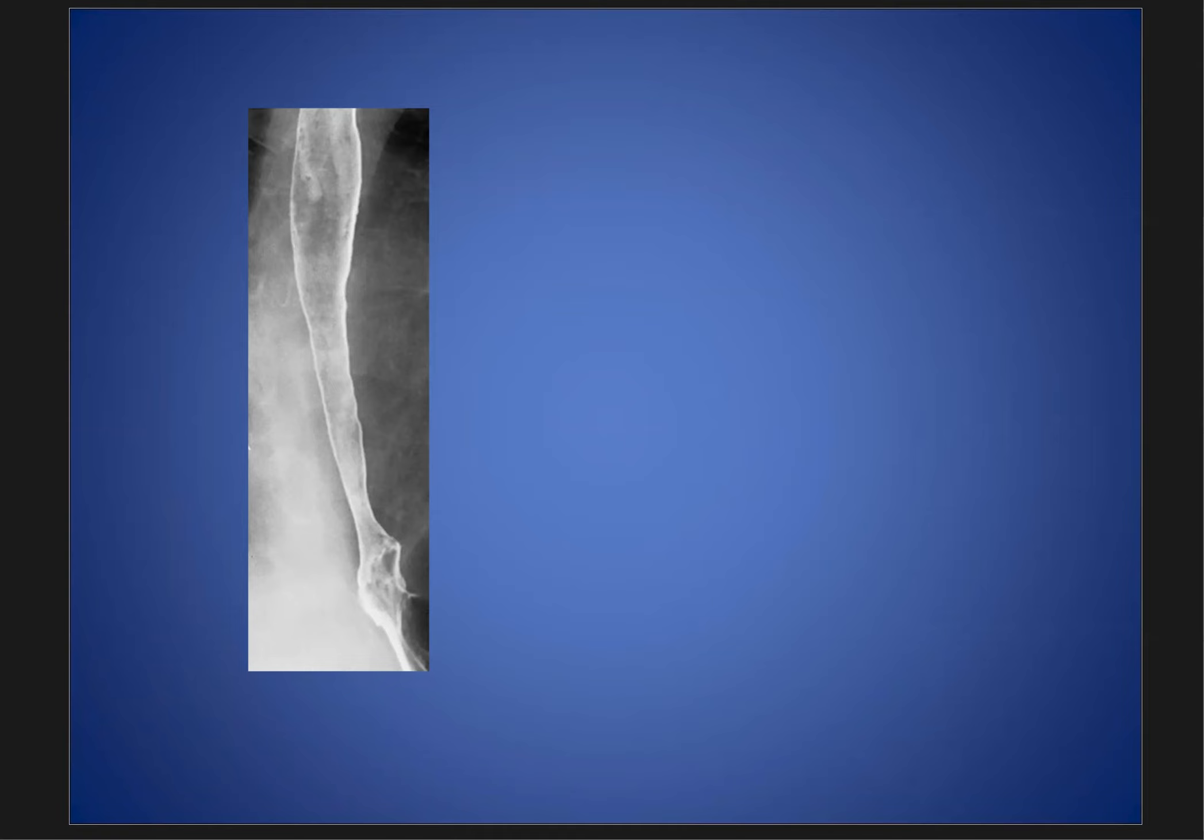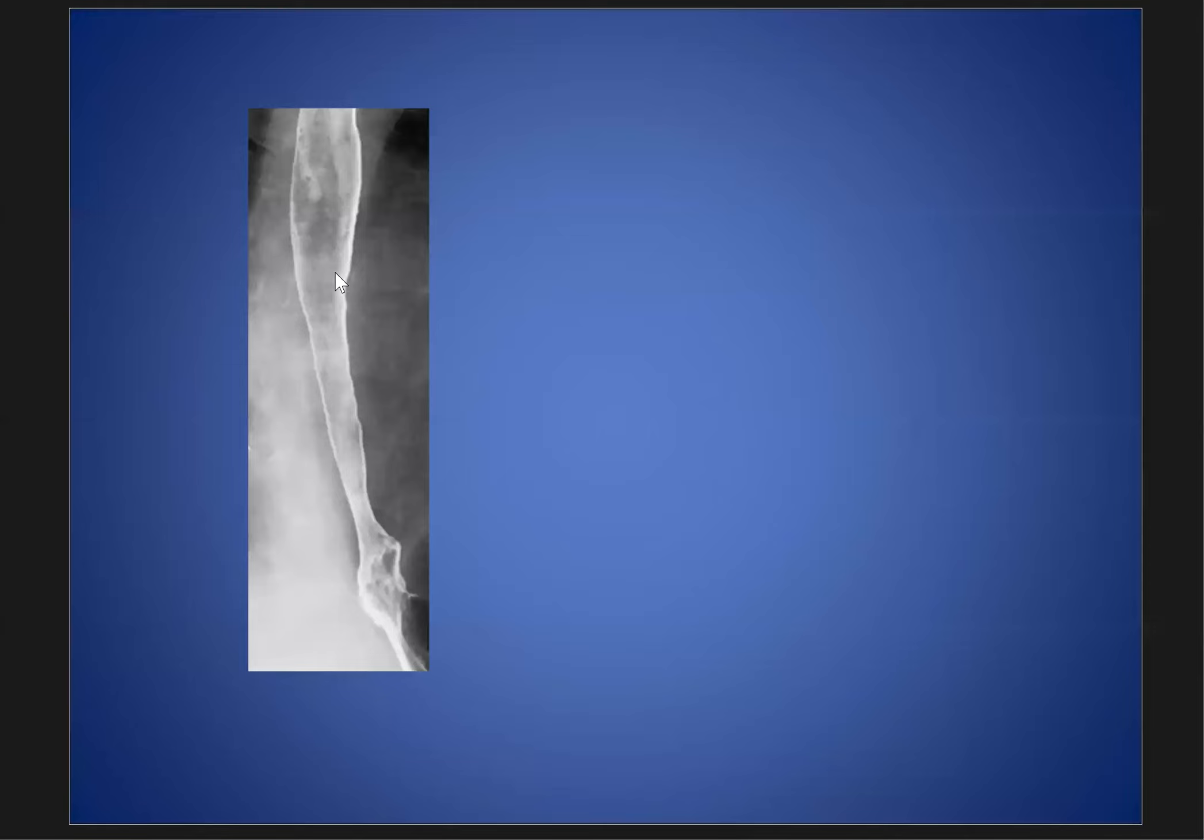This is a new case discussion. As we see here in the double contrast barium swallow esophageogram, we have a long tapering esophageal stricture with a smooth outline, indicating that it is due to a benign cause.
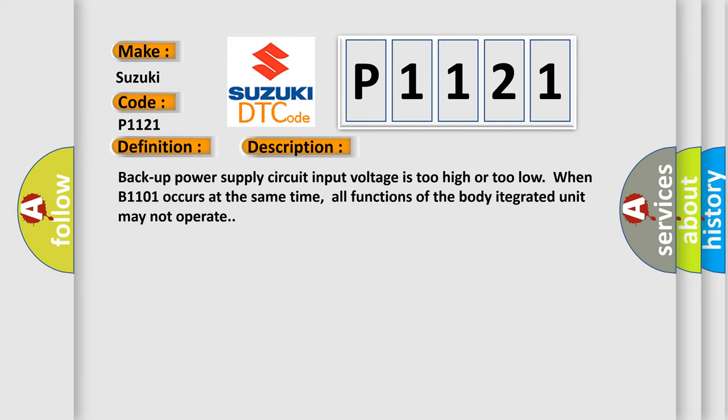Backup power supply circuit input voltage is too high or too low. When B1101 occurs at the same time, all functions of the body integrated unit may not operate.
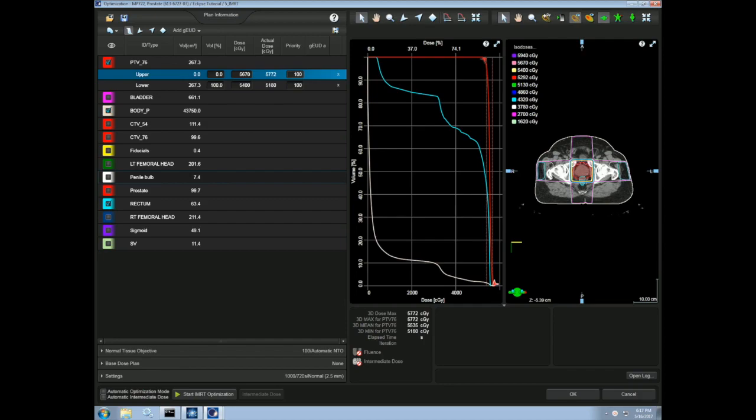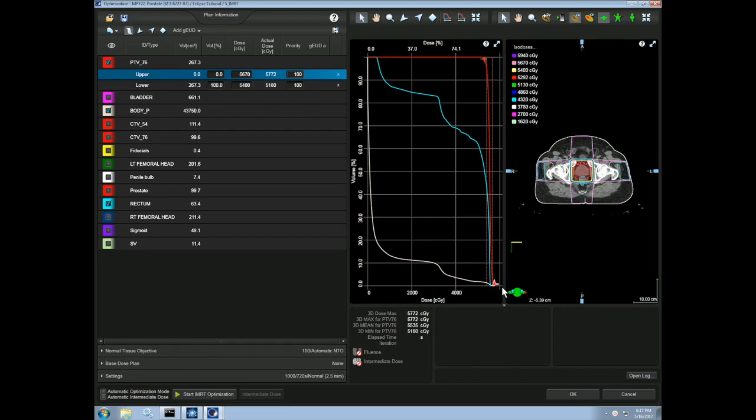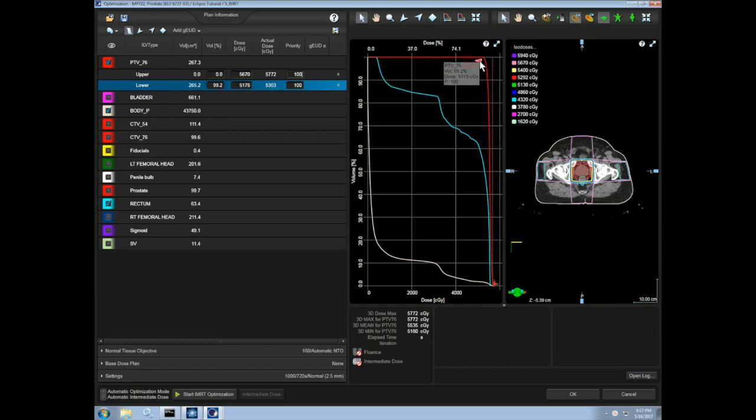As you can now see, we have arrows on our DVH. These are the constraints that we just added. If our constraints are properly met, our dose will go over the lower constraint and then come down under the upper constraint. This gives us a rapid drop falloff and hence a homogenous dose distribution. We can also manually drag these constraints on the DVH.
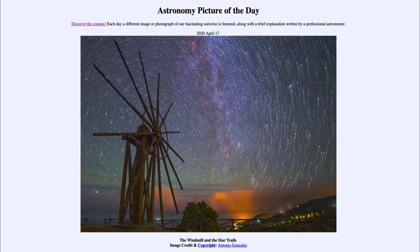That was our picture of the day for April 17th, 2020, titled The Windmill and the Star Trails. We'll be back again tomorrow for the next picture. Until then, have a great day everyone, and I will see you in class.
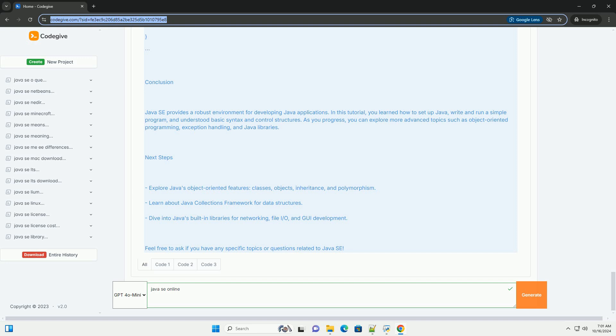Conclusion. Java SE provides a robust environment for developing Java applications. In this tutorial, you learned how to set up Java, write and run a simple program, and understood basic syntax and control structures. As you progress, you can explore more advanced topics such as object-oriented programming, exception handling, and Java libraries.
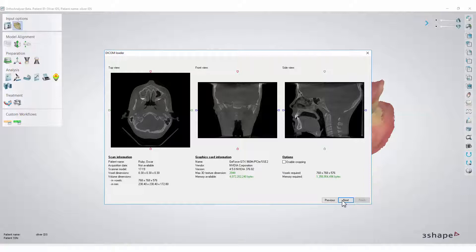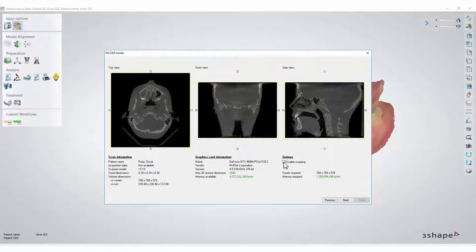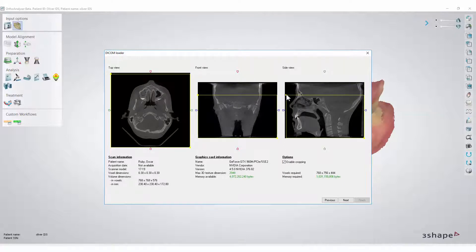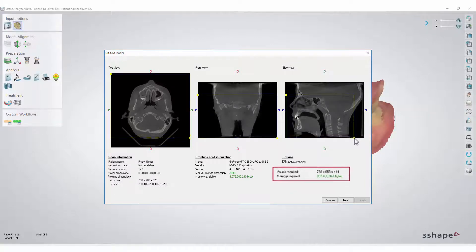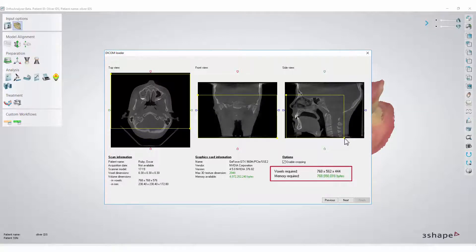To do the cropping, select Enable cropping. A yellow outline will appear. You can pull the yellow dot and crop the picture to a different size. You will see the required numbers decreasing.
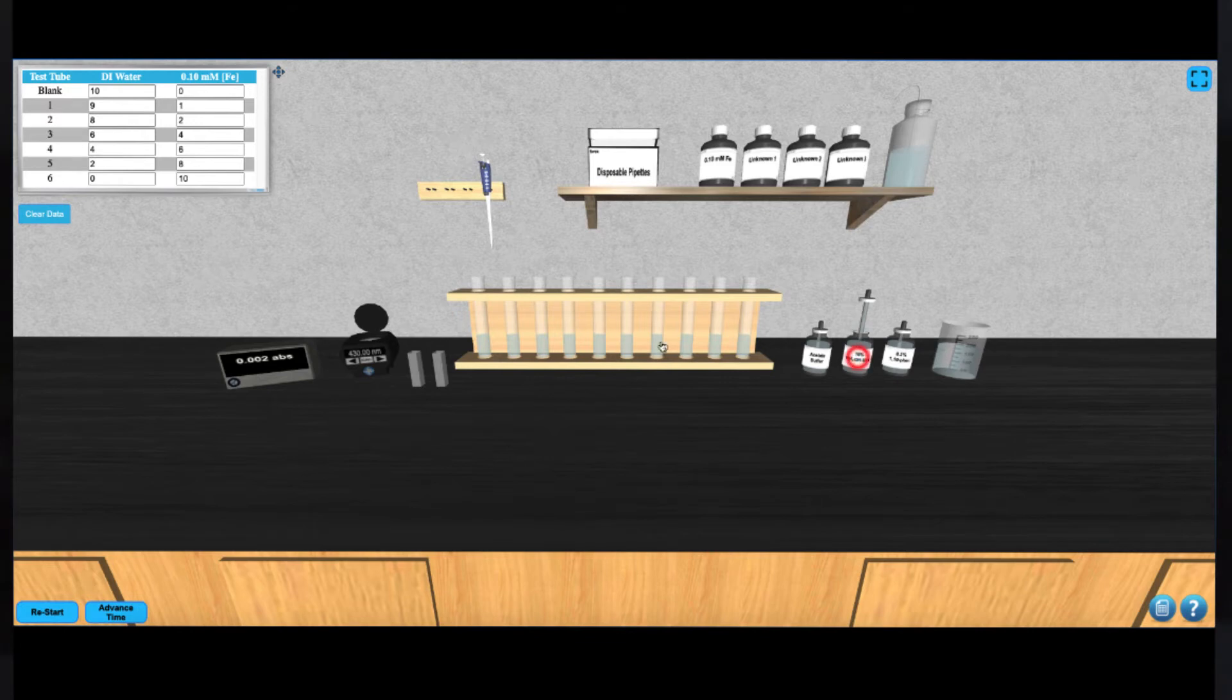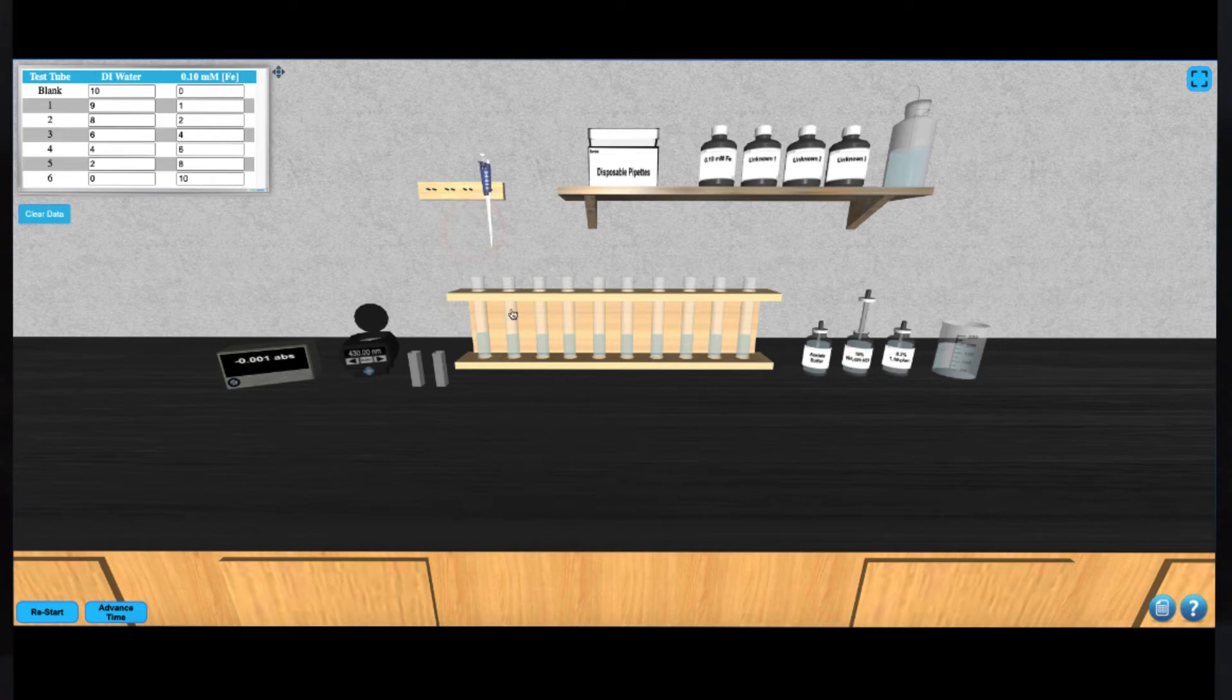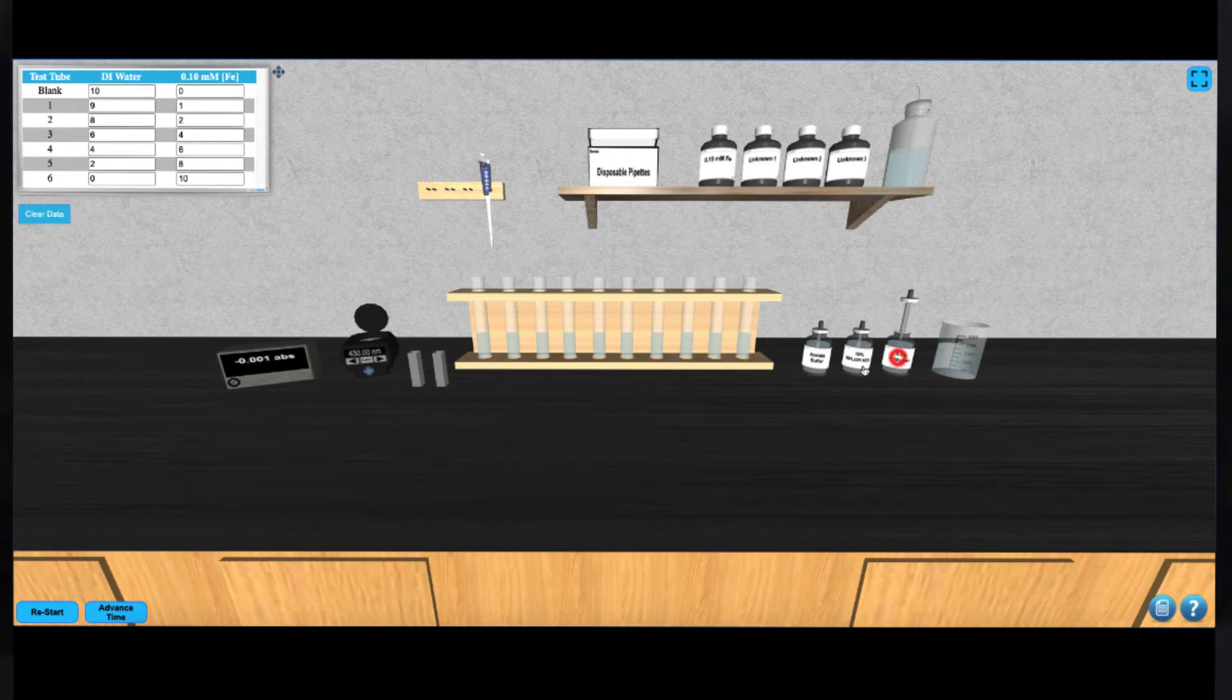Next, add 5 drops of NH2OH to every tube using the exact same procedure. Finally, add 10 drops of phenanthrolene to every tube using the same procedure.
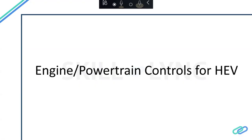This is an introduction to the topic called engine controls for HEV. It's more of a powertrain controls because we'll be looking at propulsion systems apart from the engine as well, since it's an HEV and it'll have an electric drive. So more of it is powertrain controls for HEV, but we'll also look at how engine control is done when we want a certain performance for an HEV.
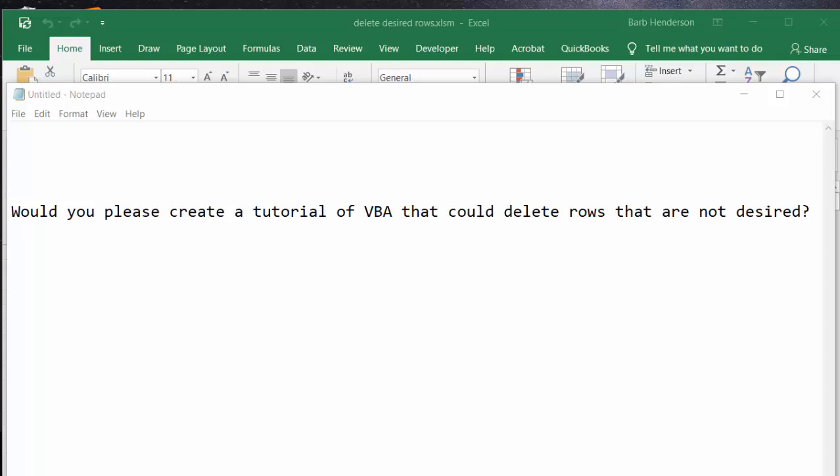I received this the other day and I thought I could work on it for them. Would you please create a tutorial of a VBA that could delete rows that are not desired, and so this is what I've done.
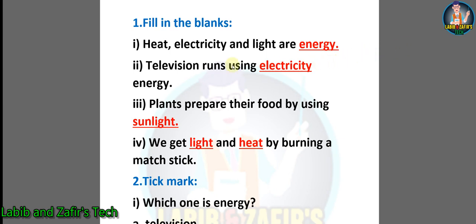First we have some fill in the blanks. Number one: heat, electricity and light are energy. Number two: television runs using electricity energy. Number three: plants prepare their food by using sunlight.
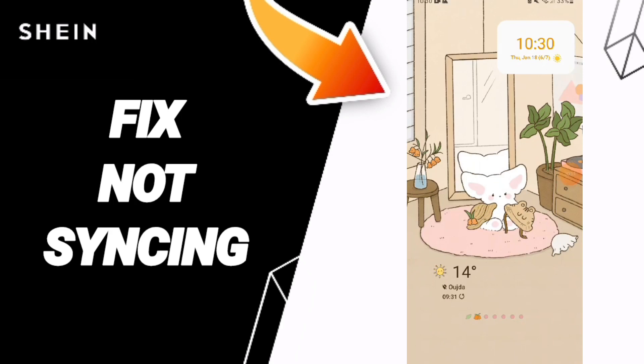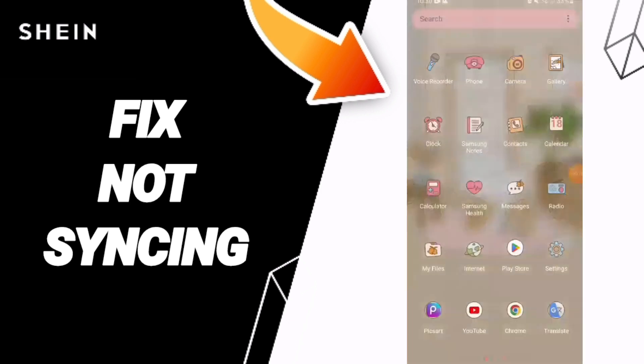Hi guys, today we will talk about how to fix or how to solve not syncing on the GN app. To fix this, you should just go to Settings.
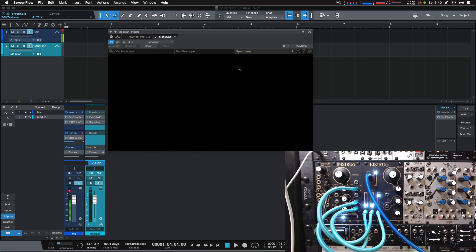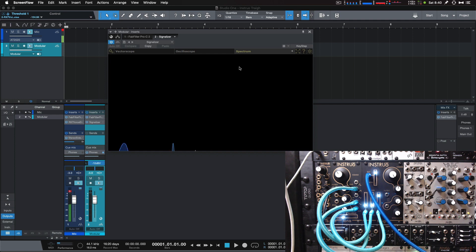So there you have it, a quick demo of the Tri four-pole low-pass filter from Instro Modular. Make sure to check out their website for more info. Thanks for watching.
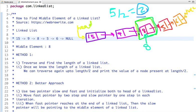The better approach is to use two pointers. Let's call them slow and fast. We move the fast pointer by two steps and the slow pointer by one step in each iteration. When the fast pointer reaches the end of the linked list, the slow pointer will be pointing to the middle element.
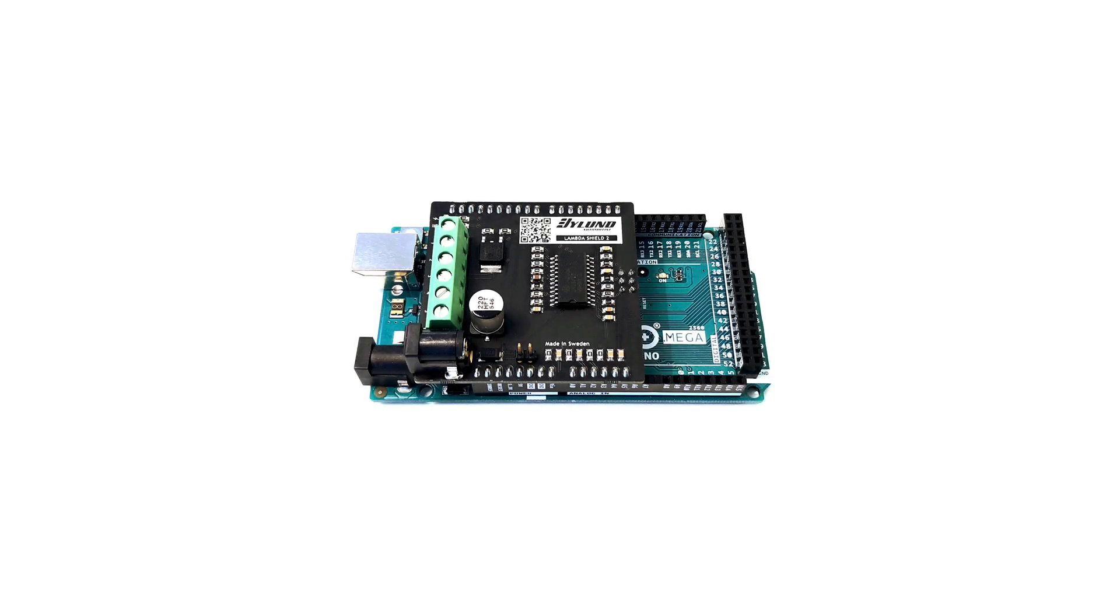I am happy to announce the new LambdaShield 2, a wideband AFR controller for Arduino and do-it-yourself projects.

→ **EXERCISE**: All lines from the start of the entries through the one with "As you can now" are to be output exactly; omit the pictures.

→ **EXPECTED ANSWER**:
This is a new case discussion. As we see here in the double contrast barium swallow esophageogram, we have a long tapering esophageal stricture with a smooth outline, indicating that it is due to a benign cause.
Backup power supply circuit input voltage is too high or too low. When B1101 occurs at the same time, all functions of the body integrated unit may not operate.
As you can now see, we have arrows on our DVH. These are the constraints that we just added. If our constraints are properly met, our dose will go over the lower constraint and then come down under the upper constraint. This gives us a rapid drop falloff and hence a homogenous dose distribution. We can also manually drag these constraints on the DVH.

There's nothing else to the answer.